Monday, November 29, 2010

5-8 Email Marketing Tips

5. Tell a Story
In All Marketers Are Liars, Godin emphasizes the importance of storytelling as a successful marketing strategy. Email offers the opportunity to tell the story in continuous installments.

“Email marketers don’t have a prayer to tell a story,” Godin says, “unless they tell it in advance, in another medium, before they get permission. Otherwise, it quickly becomes spam. The best email marketing starts with a foundation, like Amazon, and uses the email to drip the story, to have it gradually unfold.”

Too much email marketing, Burke opines, is one-off offers written as if recipients “like to run home at the end of the day and turn on Home Shopping Network so they can be targeted 24×7 by commercials.”

A well-crafted newsletter should be more than just a summary of your resume or company history. For instance, each issue of Sant’s Messages That Matter offers a free tip or strategy on how to make business proposals sing. “We focus on providing specific content, messages of a page or so about the kinds of things we’re good at,” Sant says.

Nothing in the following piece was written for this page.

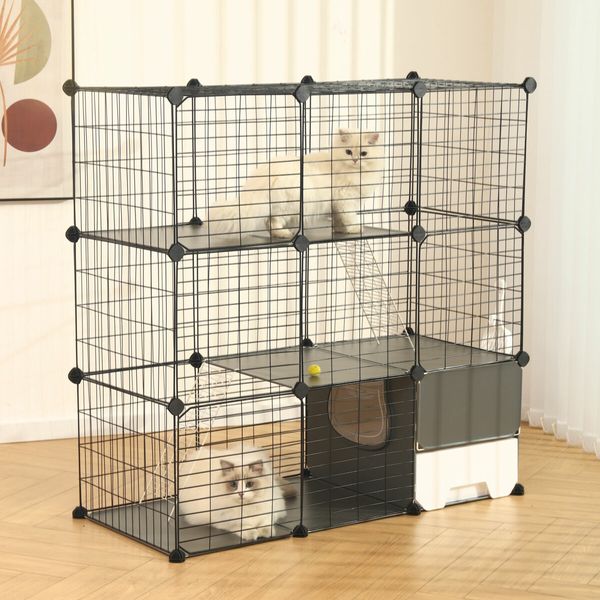 3 Tier Cat Enclosure Cage Large DIY Pet Crate Rabbit Hutch Ferret Kitten Bunny House Fence Kennel Kitty Playpen with Litter Box Platforms Ramps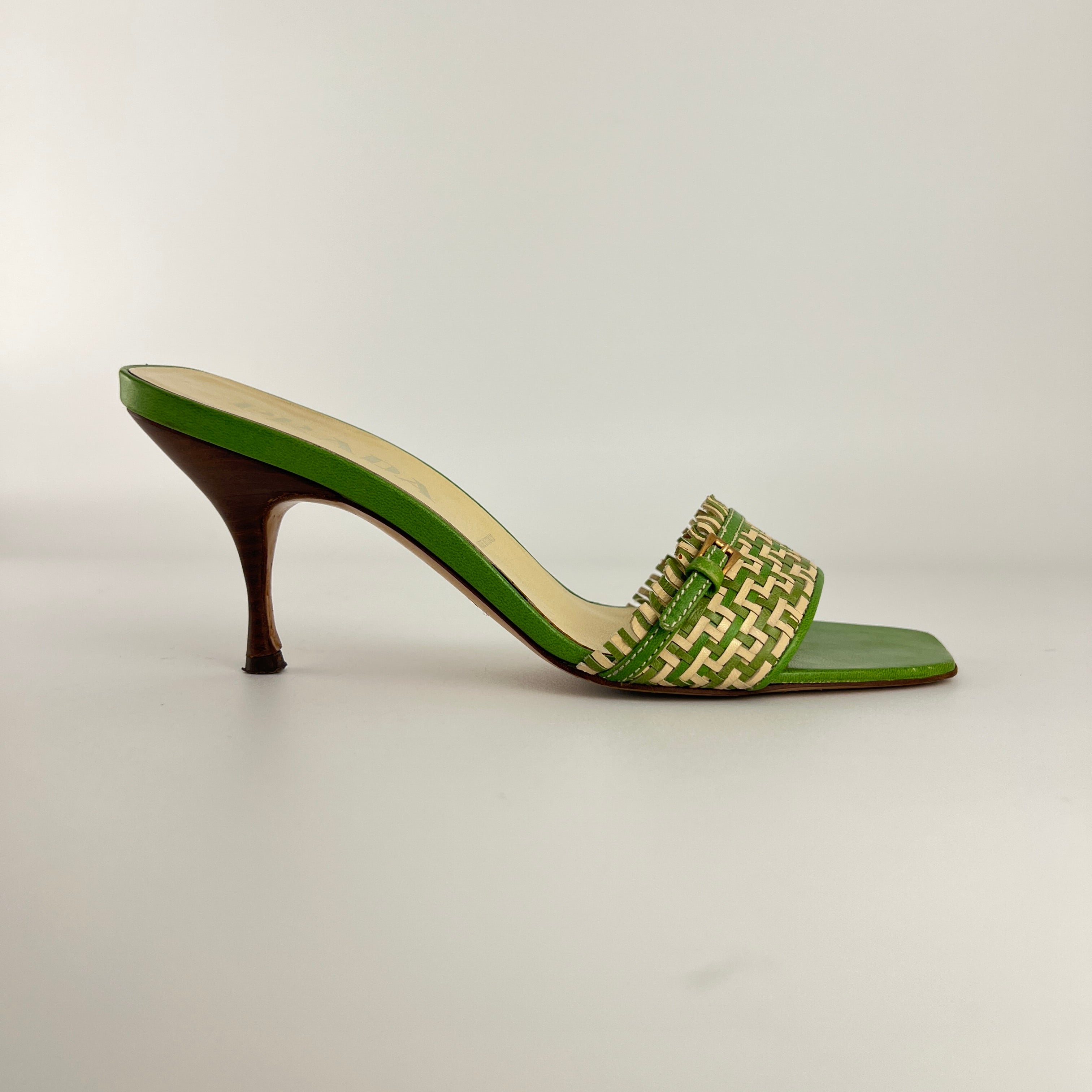 Prada | Vintage Green Cream Woven Leather Buckle Slide Mules (37)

6. Let Readers Drive Design
As there’s no such thing as guaranteed delivery in the email business, design is especially important. Because filters often block logos, graphics, and Flash animation, they can determine whether or not a customer or prospect even sees your message. “Filters are getting extremely thorough in what they’re filtering out,” Burke says. “If you’re not careful, those filters can filter out legitimate email.”

He recommends using flat text with hyperlinks to your Web site. “It’s text so it’ll go through,” Burke says. “You can put all of the graphics in the world on your Web site and once they click through to your Web site you’re better able to capture their identity and their information for future follow up.”

Many companies offer both plain and rich text email editions, giving customers the option of registering for the html edition on their Web sites. In those editions, design becomes especially important. But Ogilvy has found that email requires something different than traditional creative marketing design: Its studies have shown that users are most likely to respond to images and copy to the left of an image.

“We have seen increases up to 75 percent in response rates by moving the call to action button up next to an image instead of below the image, or by literally changing a link to a button so it stands out more prominently in the text,” Mullen says.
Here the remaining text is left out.